> _Assigned task_
The listing below holds pictures; exclude them. Return exactly the lines from the one with "Andy Leggings - Spruce Green" through the one with "2019 Honda CR-V EX-L - miniatura 5".

#### Data for the task ####

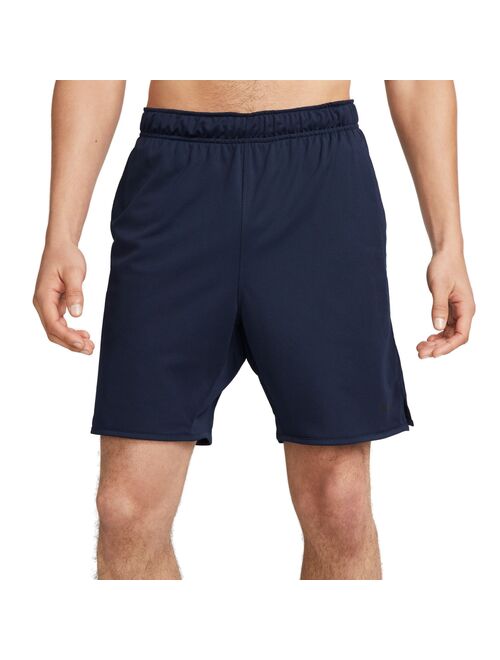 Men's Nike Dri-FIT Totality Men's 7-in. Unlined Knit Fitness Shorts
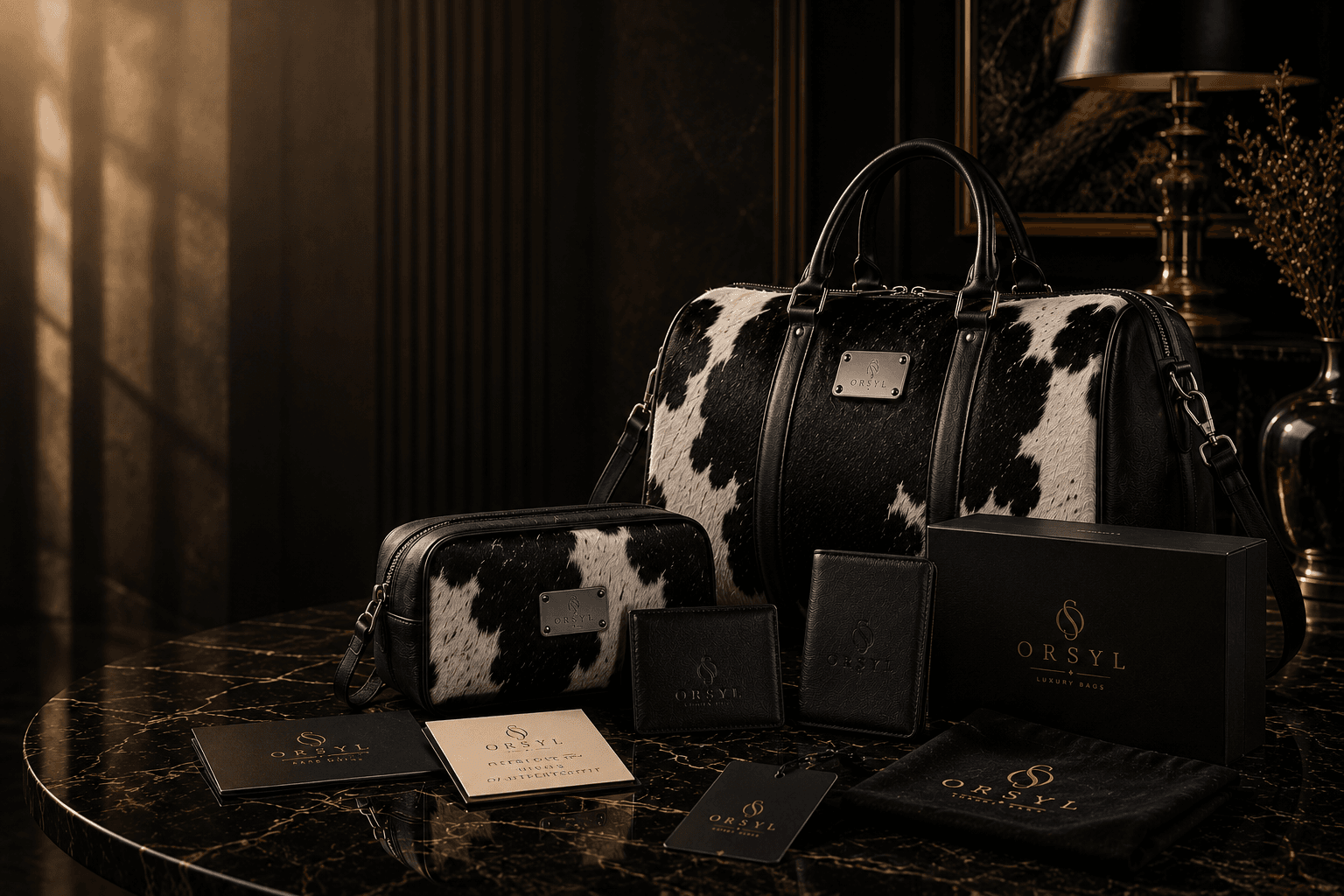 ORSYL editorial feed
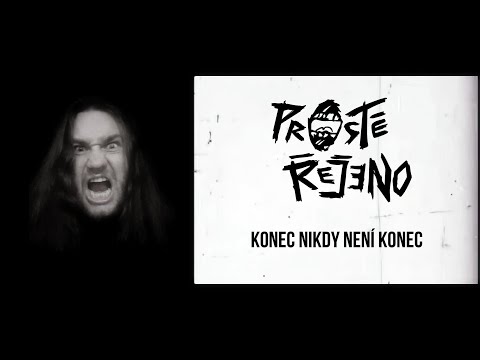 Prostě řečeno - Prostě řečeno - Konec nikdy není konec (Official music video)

####
#### Data for the task ####

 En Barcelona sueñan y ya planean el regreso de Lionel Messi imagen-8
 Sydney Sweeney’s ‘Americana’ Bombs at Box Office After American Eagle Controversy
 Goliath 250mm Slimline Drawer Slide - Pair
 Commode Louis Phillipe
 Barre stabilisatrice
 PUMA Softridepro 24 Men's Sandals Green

####
#### Data for the task ####

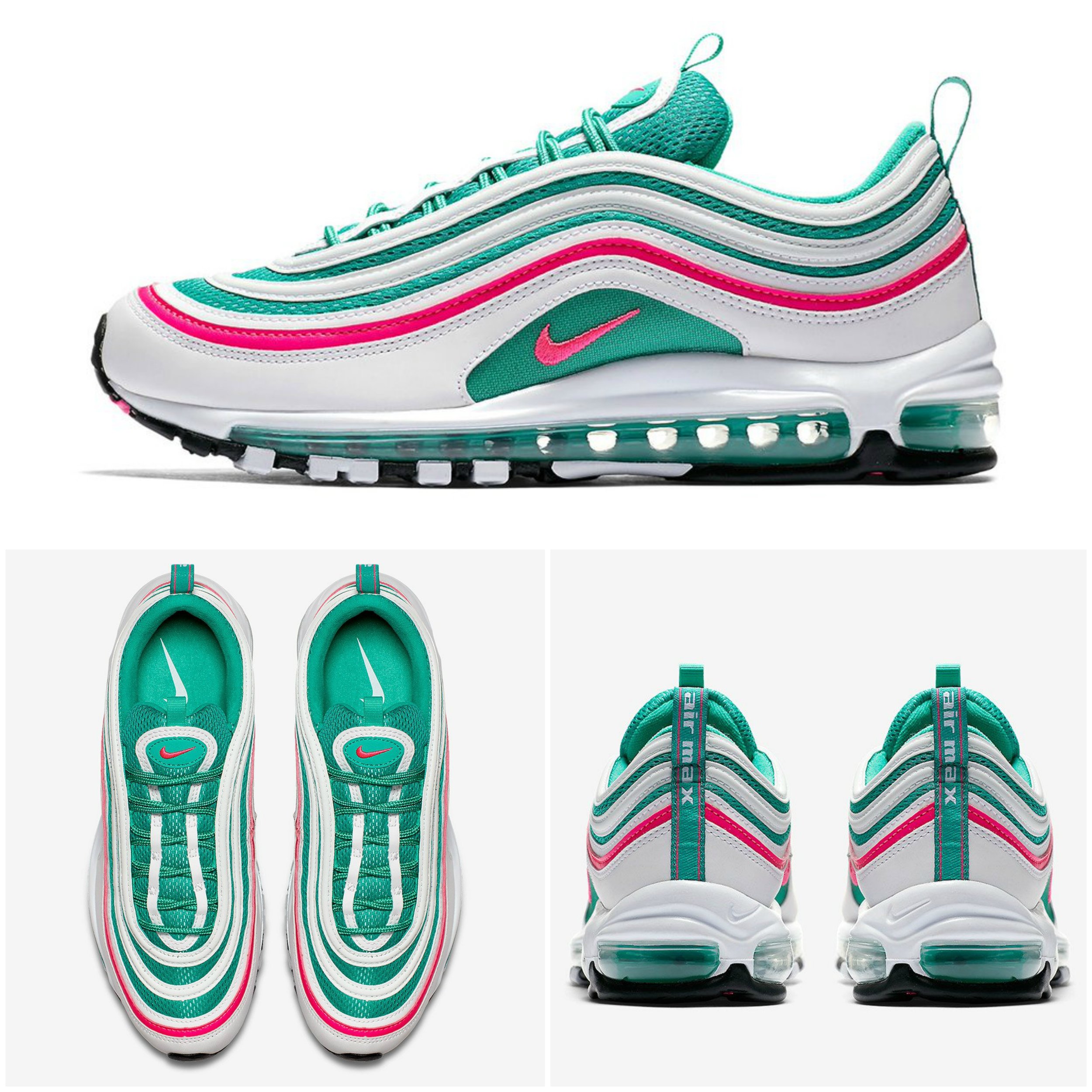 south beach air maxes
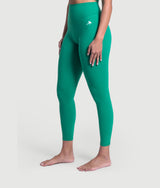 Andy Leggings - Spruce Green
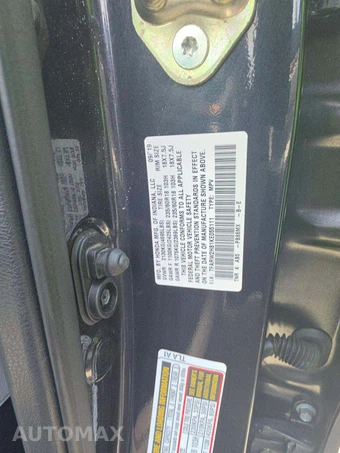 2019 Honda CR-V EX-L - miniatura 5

####

> _Output below_
 Andy Leggings - Spruce Green
 2019 Honda CR-V EX-L - miniatura 5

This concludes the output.